En 15 minutes, le temps d’une prédication dominicale, j’ai pu dire à plus de 1,5 millions de québécois,
pourquoi j’avais pris la défense des homosexuels dans les médias, pourquoi j’avais défendu les femmes
de Bosnie qui se faisaient avorter après avoir été violées par des soldats serbes durant la guerre et
pourquoi je dénonçais une certaine Église qui juge, qui condamne et qui exclut les personnes les plus
vulnérables de nos sociétés. En 15 minutes, j’ai pu redire ma foi en ce Dieu de liberté auquel je crois et
réitérer ma confiance en l’Église que j’aime, parce que je sais qu’elle peut encore porter un message
d’espérance pour le monde d’aujourd’hui.
Cette émission rejoint tellement de monde que, dans la semaine qui a suivie, j’ai reçu plus de 900
courriels et lettres de personnes, m’exprimant leur satisfaction ou me demandant de l’aide. Des
hommes et des femmes de tous horizons m’ont contacté : des femmes ayant subi un avortement, des
jeunes homosexuels incapables d’assumer leur condition, des prêtres pour m’appuyer, des
religieux(ses) pour me remercier, des associations, des mouvements, des groupes communautaires
pour m’inviter à des conférences ou à participer à leurs rencontres. Personnellement, mon passage à
Tout le monde en parle a été l’occasion de me faire connaître et de m’engager plus encore au service
des pauvres, des poqués de la vie, des mal aimés et des exclus. N’est-ce pas une façon d’actualiser
l’Évangile aujourd’hui?
Dans les critiques, on accuse souvent l’animateur Guy A. Lepage d’être complaisant, arrogant et même
condescendant avec ses invités. Ce n’est vraiment pas mon expérience. Après le tournage de l’émission,
le jeudi soir, il y avait une phrase que je regrettais avoir dite durant l’entrevue; j’ai donc demandé à
Lepage s’il pouvait l’enlever au montage et il m’a répondu spontanément qu’il n’y avait aucun problème.

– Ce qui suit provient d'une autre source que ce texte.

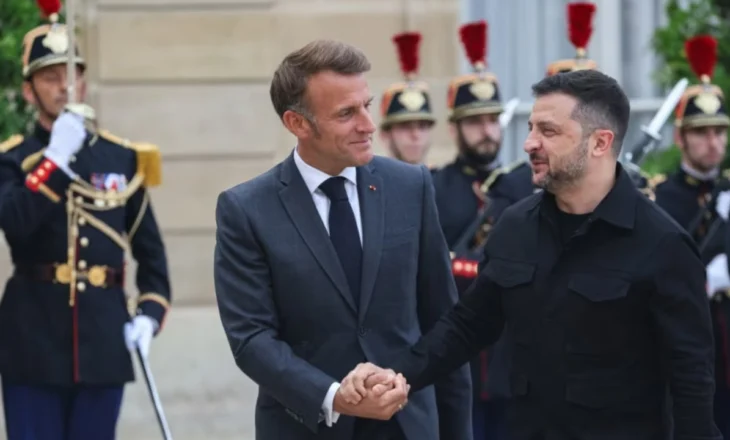 Zelensky takohet me udhëheqësit evropianë në Paris. A do të arrijnë udhëheqësit evropianë të rrisin presionin ndaj Putinit?
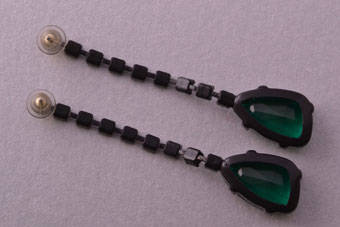Drop Stud Earrings |  |
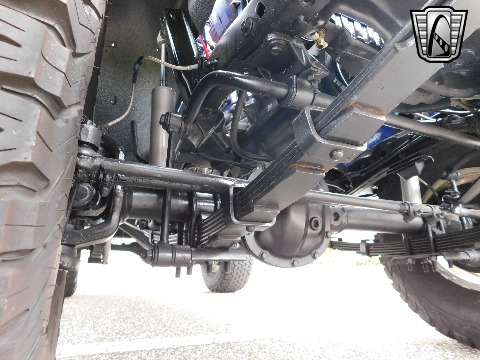 1986 Jeep CJ7 image 134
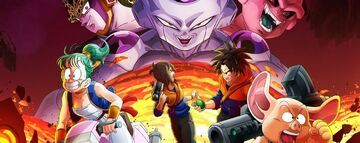 Dragon Ball The Breakers test par TheSixthAxis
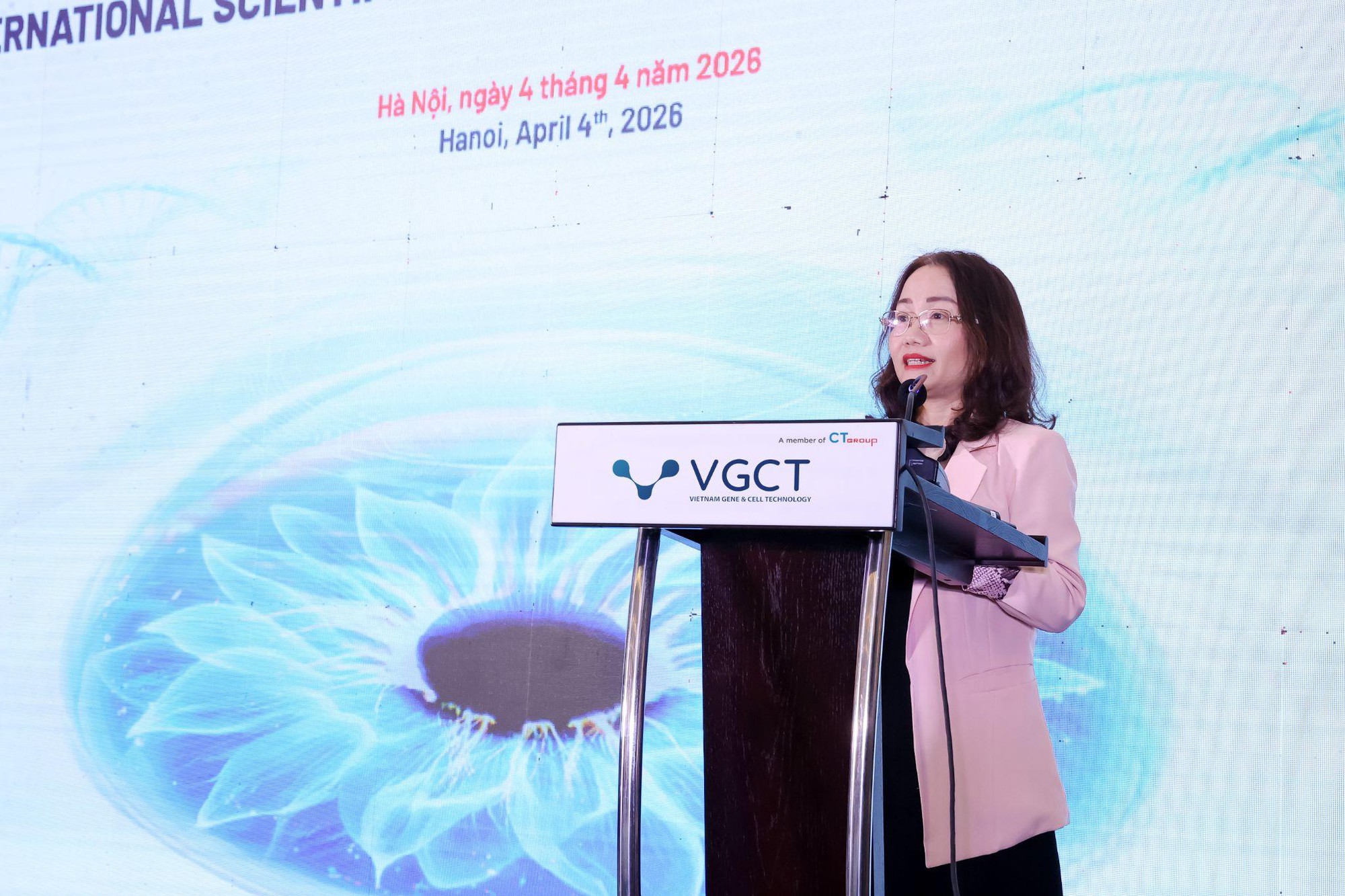 Công nghệ ghép giác mạc sinh học sẽ giúp hàng vạn người Việt thoát cảnh mù loà- Ảnh 4. Công nghệ ghép giác mạc sinh học sẽ giúp hàng vạn người Việt thoát cảnh mù loà- Ảnh 4.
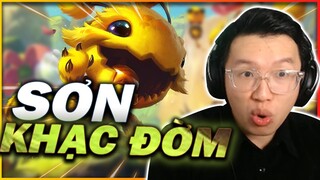 HỌC SHOWMAKER, WARZONE CẦM KOG'MAW NHỔ TEAM ĐỊCH KHÔNG TRƯỢT PHÁT NÀO !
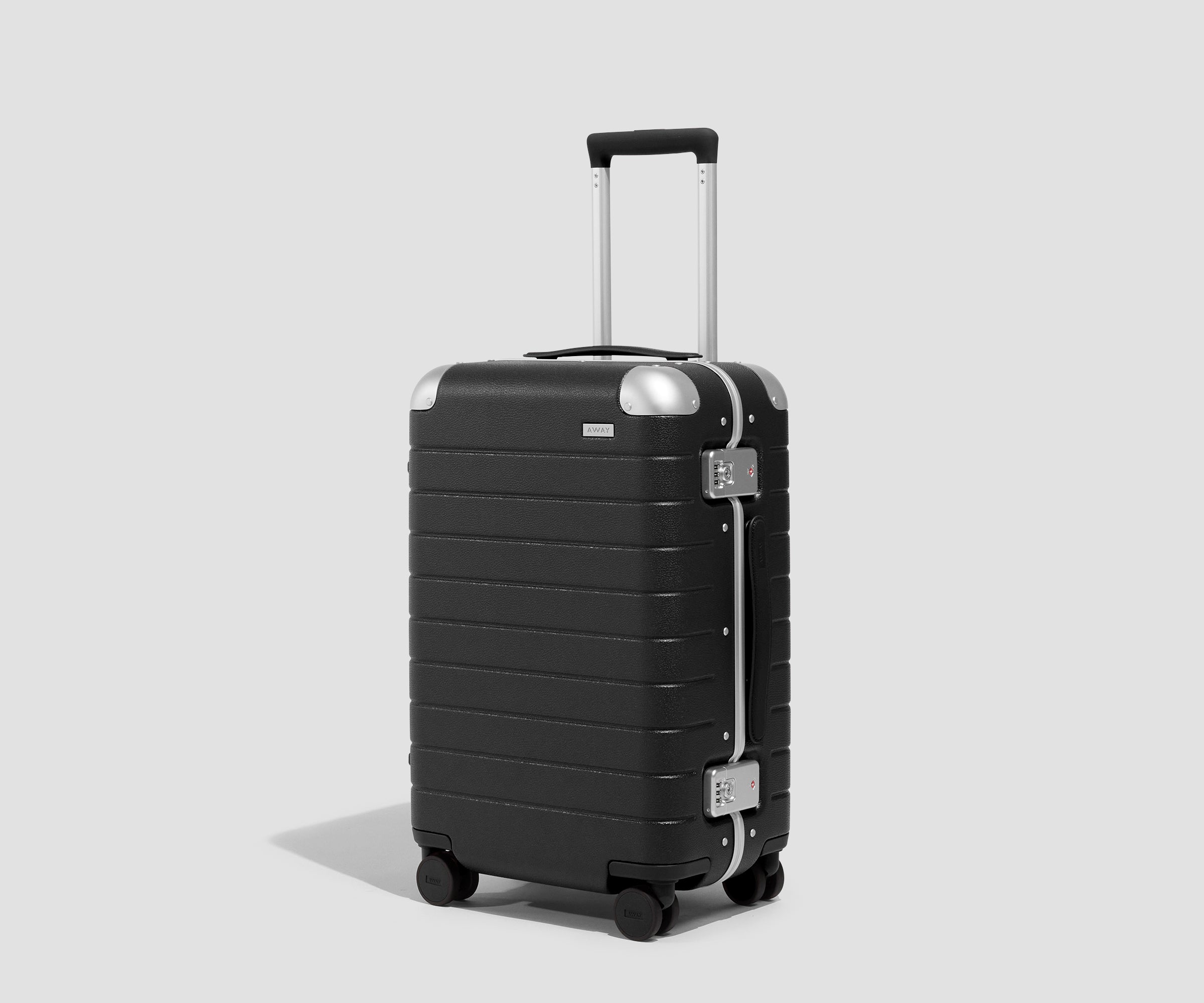 The Aluminum Edge Carry-On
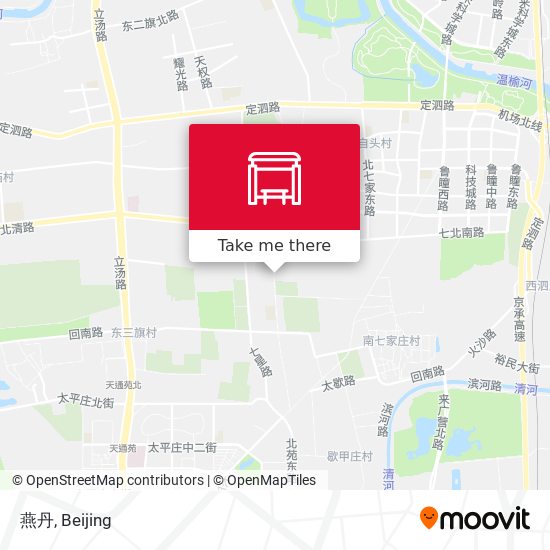 燕丹 map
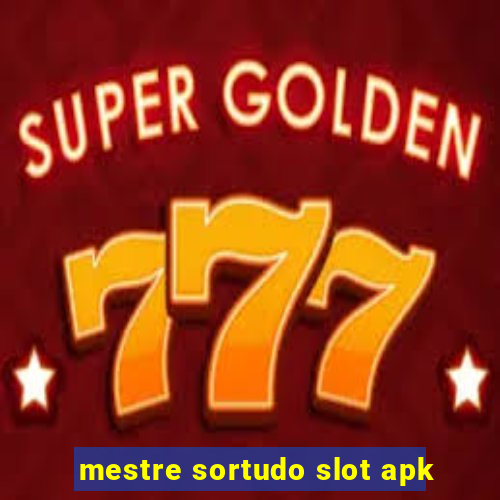 mestre sortudo slot apk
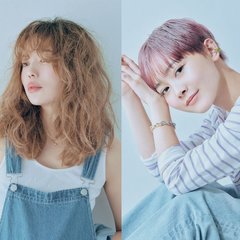 【ハイトーン】髪色がキレイだと洒落度もアガる♡垢抜けヘア6選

J’ai compris alors qu’il ne voulait pas ridiculiser ses invités; au contraire, il cherche à les valoriser et à
bien les présenter.
Depuis mon passage à cette émission, je continue régulièrement à la regarder. À chaque semaine, je me
divertis et j’apprends des choses sur l’actualité. Je crois sincèrement que Tout le monde en parle nous
offre une tribune pour parler à des millions de québécois qu’on ne pourrait rejoindre autrement. Et s’il
arrive que certains invités se sentent frustrés de leur participation à l’émission, c’est peut-être parce
qu’ils ont des choses à se reprocher. La culture populaire insiste davantage aujourd’hui sur la télé-réalité.
Une chose est certaine, le vin qu’on sert à l’émission, il faut en prendre avec modération, car la boisson
c’est comme l’instruction, ça ne fait pas à tout le monde.